Lin Yun, a professor at Shanghai Jia Tong University who works on AI and computer security, said he expects hackers to gain an advantage in the near term. He also said the balance could shift back toward defense as new countermeasures appear, including novel uses of AI.

This is where cooperation becomes more than a diplomatic preference. If experts in different countries describe the risks in compatible ways, it becomes easier to create shared safety principles and technical standards. Yun put the challenge this way:

“The key is to find areas where sharing can reduce systemic risk without exposing sensitive operational details.”

That distinction is important. Cooperation does not have to mean revealing everything. It can mean agreeing on the categories of risk, the kinds of evaluation that matter, and the minimum expectations for safer deployment.

Open-weight AI models are testing the safety tradeoff

The hardest question may be how to preserve openness while reducing risk. Open-weight models are important for research and innovation, and Chinese models have become popular in the US. But as these systems improve, the same openness that supports experimentation can also make guardrails harder to enforce.

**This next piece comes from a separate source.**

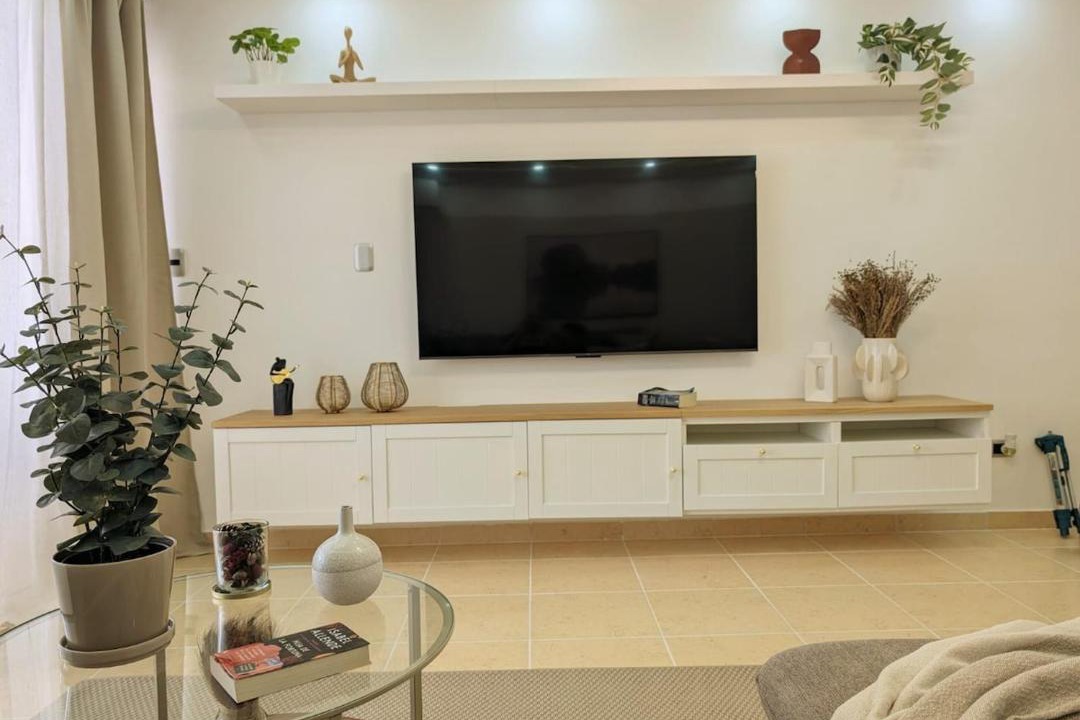 Photo of Livingroom in El Pedregal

Over the last few years, Chinese companies have been leaders in releasing highly capable open-weight AI models. The examples named in the source include Moonshot’s Kimi, Alibaba’s Qwen, and Z.ai’s GLM. The US has also restarted its own open-weight AI push with models such as Nvidia’s Nemotron.

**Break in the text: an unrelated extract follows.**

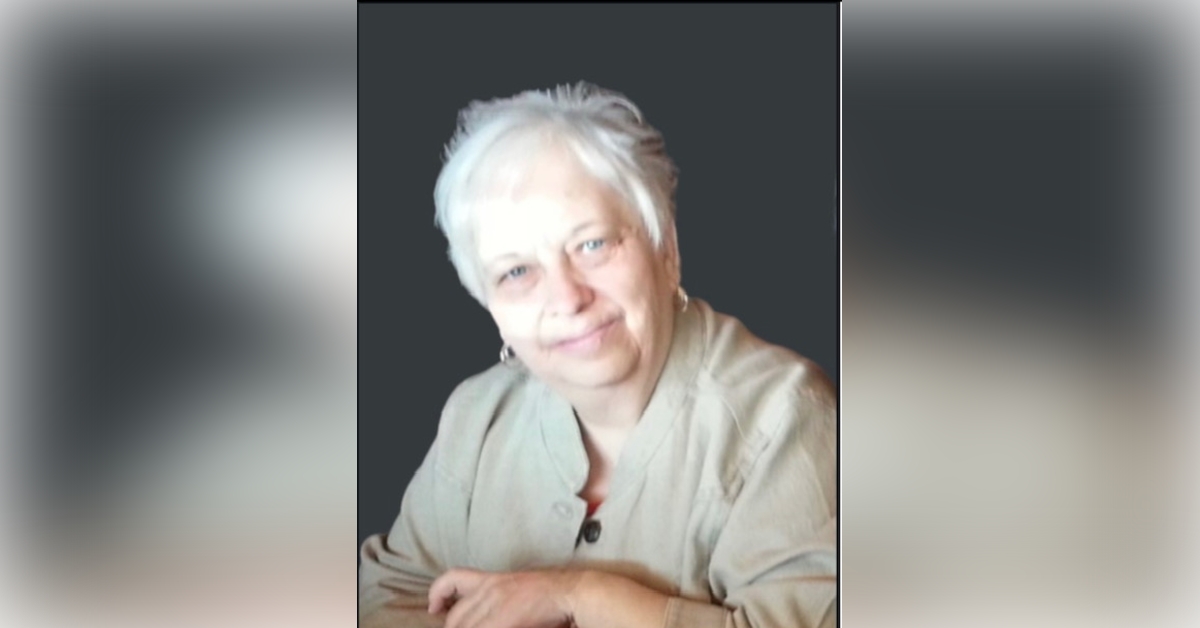 Obituary information for Mary L. Cribbs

The concern is that the field may be nearing an inflection point. Even models that are less powerful than the very top systems could become dangerous if guardrails are removed. The latest model from China’s Z.ai, GLM 5.2, includes frontier agentic and coding capabilities, according to expert analysis.

The next generation of open-weight AI models might become as capable as Fable or Mythos. This week, 360 Security Technologies, a top Chinese cybersecurity firm, said it had developed an AI model with hacking capabilities on par with Mythos.

That raises practical questions for the AI industry:

  • How can open models be kept up-to-date?
  • How can users verify that they are free of backdoors and vulnerabilities?
  • What safety standards should they meet before release?
  • How can researchers preserve access without enabling cyber weapons?

Yun said the industry will need new ways to guarantee that open models meet those kinds of expectations. A source at one of China’s leading AI companies, who asked to remain anonymous because they were not authorized to speak to the press, said security concerns are one reason some advanced models in China are no longer being released as open source.

Cooperation may be the practical path, not the easy one

International cooperation on AI safety is complicated by strategic competition. The US and China both have incentives to protect sensitive capabilities, and neither side is likely to ignore national security concerns.

But the conference made clear that the most serious AI risks do not fit neatly inside national borders. Cyberattacks, vulnerable code, unsafe agentic behavior, and the spread of powerful open-weight models all create shared exposure. A failure in one ecosystem can affect the other if tools, methods, or models proliferate.

Casper pointed to research suggesting that the benefits of working together on AI dangers outweigh the national security risks of collaboration. He compared the moment to the way the US and the Soviet Union had to cooperate on nuclear dangers even while competing to build stockpiles.

“One thing that almost everyone in AI can agree on right now is that AI doesn't need a Chernobyl moment,”

The message from Beijing was not that rivalry is disappearing. It was that rivalry alone is an incomplete strategy. If frontier AI continues to gain more autonomy, coding ability, and cyber relevance, the US and China may need shared safety principles not because trust is abundant, but because the risks are too large to manage separately.